Paul Buhle: Every project of mine since the launching of Radical America in 1967 has had the purpose of making history useful, then the lessons learned in Mosse’s class, applied by myself and my contributors to a couple journals that I published, special issues of journals, anthological books and my own books/essays, are alive today, or should be. The totality of the leftwing screenwriters during WW2 that Dave Wagner and I examined was devoted to anti-fascism; and the 900 pages of Jews and American Popular Culture, three volumes, was intended to provide a visionary perspective of secular Jewish involvements in modern society; and if my own writing on race and Empire continue to have relevance, then I hope to have made a contribution for today’s movements and expressions.
Nick Thorkelson: Nick Thorkelson is a cartoonist living in Provincetown MA. He has done cartoons on local politics for The Boston Globe and in support of organizations working on economic justice, peace, and public health. His graphic biography Herbert Marcuse, Philosopher of Utopia was published by City Lights Books in 2019. He has contributed to a number of Paul Buhle’s nonfiction comics anthologies such as Bohemians and Yiddishkeit, and he is the co-author and/or illustrator of The Underhanded History of the USA, The Legal Rights of Union Stewards, and Economic Meltdown Funnies. He is currently working on a graphic biography of the English artist/socialist William Morris.

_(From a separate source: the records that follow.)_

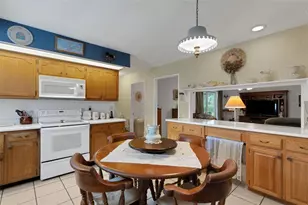 402 Aberdeen Ct N, Lakeland, FL 33813 - Photo 8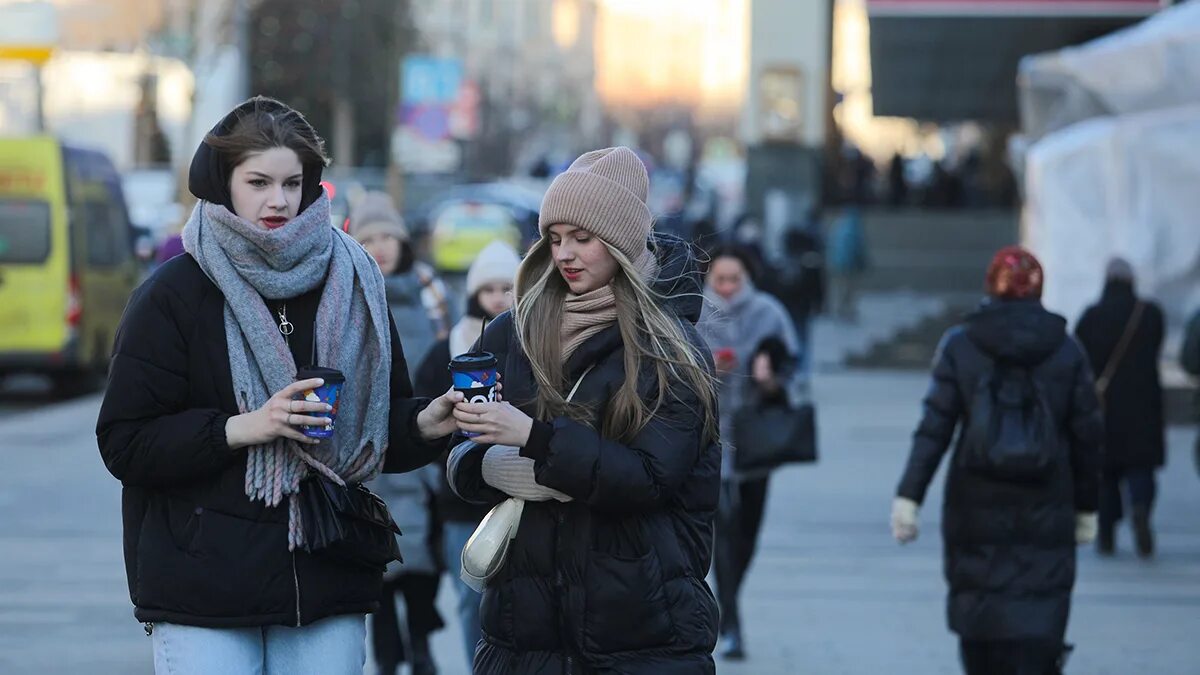 Сегодня можно выходить на улицу. Похолодание в Москве. В Москве похолодает. Сильное похолодание в Москве. Самый холодный день в Москве.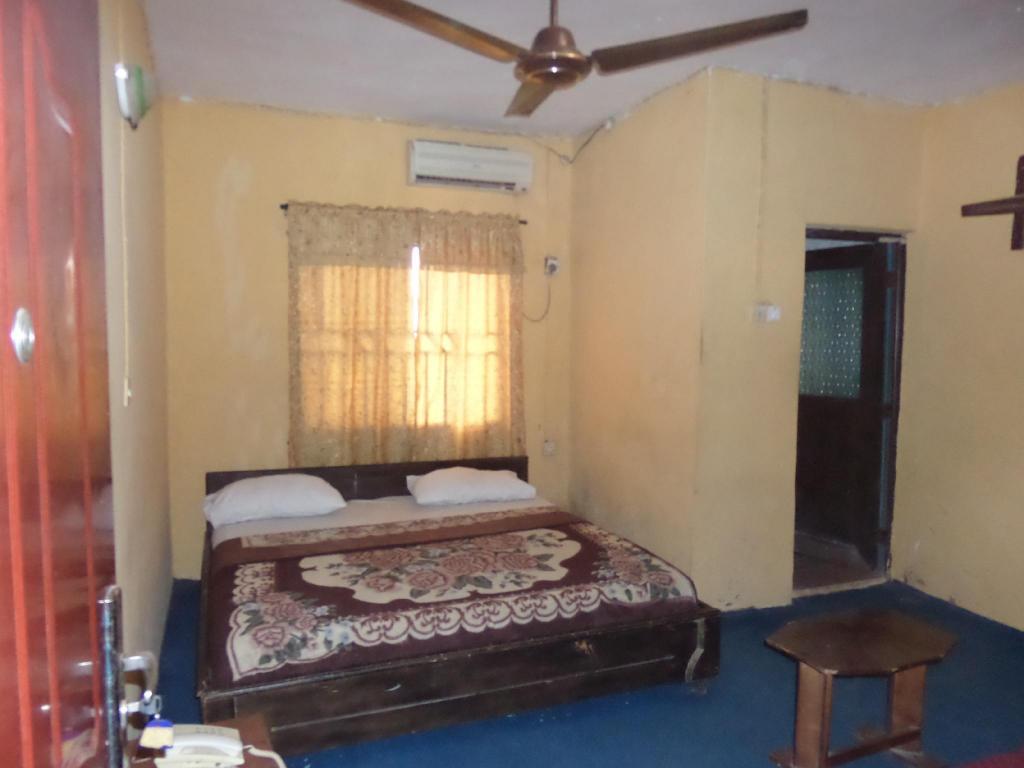 Keblat Hotel Suites 8/19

Dave Wagner: Dave Wagner is co-author with Paul Buhle of several books on the Hollywood blacklist of writers and directors in the years after WWII and a collaborator with Paul in a graphic version of Howard Zinn’s A People’s History of American Empire and many other comics projects with Nick Thorkelson. A long time ago he was a reporter and arts columnist for The Capital Times in Madison. He later worked at The Arizona Republic in Phoenix as the editor for politics and state and national government.
Paul Buhle: Paul Buhle, a journal publisher in the New Left and publisher of one of the first Underground Comix, has written or edited many volumes including the biographies of C.L.R. James, William Appleman Willliams and Harvey Kurtzman, returned to comic art with a dozen volumes since 2005 including The Beats, among other subjects. His works, including comics, have been published in more than a dozen languages. He taught at Brown University until retirement.